Google+ Followers

Sunday, 2 December 2012

Common Law is not the same thing as Customary Law

"All nations who are ruled by laws and customs are governed partly by their own particular laws and partly by those laws which are common to all mankind." Emperor Justinian

COMMON LAW - This was used in Roman Times to denote the laws which were common between the City of Rome and the various regions of Italy. It was also used by Alfred the Great to denote a 'Common Law' of England which was based upon the ten commandments which would stand above the local customs and baronial courts. In a very real sense then the Common Law is superior to the regional and subordinate laws of 'the Island of Jersey and its Dependencies' having been adopted into Jersey as part of the apocryphal 'Constitutions of King John' which, whilst the basis of Jersey law, were never actually written nor given to Jersey by the King but borrowed from Magna Carta.

CUSTOMARY LAW - This is different to Common Law in that it represents the customs of a particular region, it should include, but it is not limited to, Common Law. Jersey uses a number of customary laws (or did or bases current laws upon) Norman Law which are not part of the Common Law.

The Jersey Courts will refer to customary law, they will never refer to common law.

LEGAL FICTION - (Latin fictiones) Certain Roman proceedings were conducted under various fictions, such as that the parties were citizens of Rome rather than foreigners in order to give jurisdiction to the Court. So by saying I do not wish to be recognised as a citizen of Rome, but as a foreigner, you are saying that this Court does not have jurisdiction.

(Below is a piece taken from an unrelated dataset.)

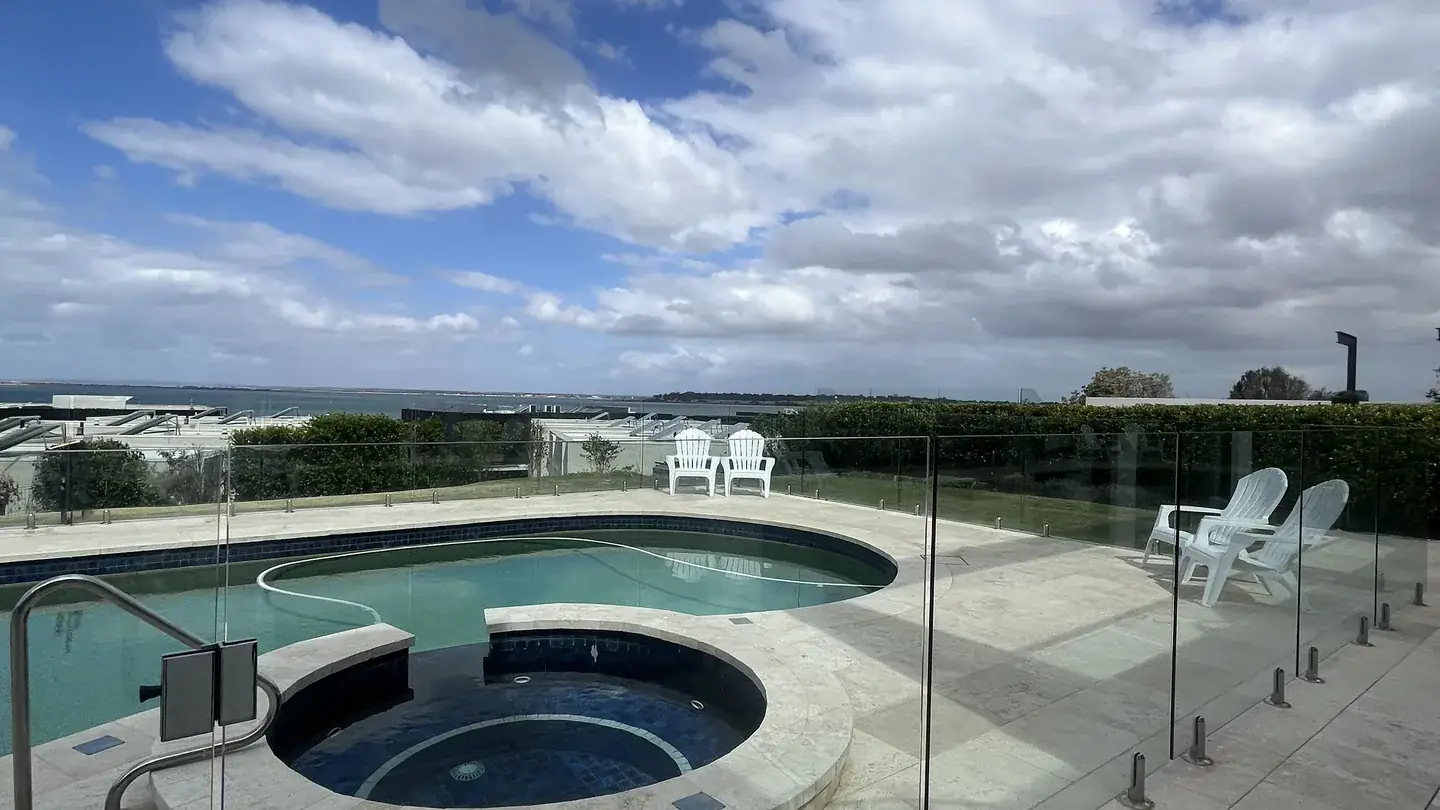A swimming pool behind a frameless glass pool safety fence on a hilltop property under a bright sky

CIVIL LAWS - These are the laws which are particular to a nation (or body of people). The City of Rome had its own law as did each of the various states of the Italian peninsula at this time. In order for the Laws of Rome to apply to non-Romans, the Court acted often under the fiction that the party was a Citizen. England did not have a 'legislature' for several centuries after Alfred the Great. Though it would later come back to defining a 'civil code' of laws instead it used what is known as Maritime Law. The majority of non-English based legal system use a civil code.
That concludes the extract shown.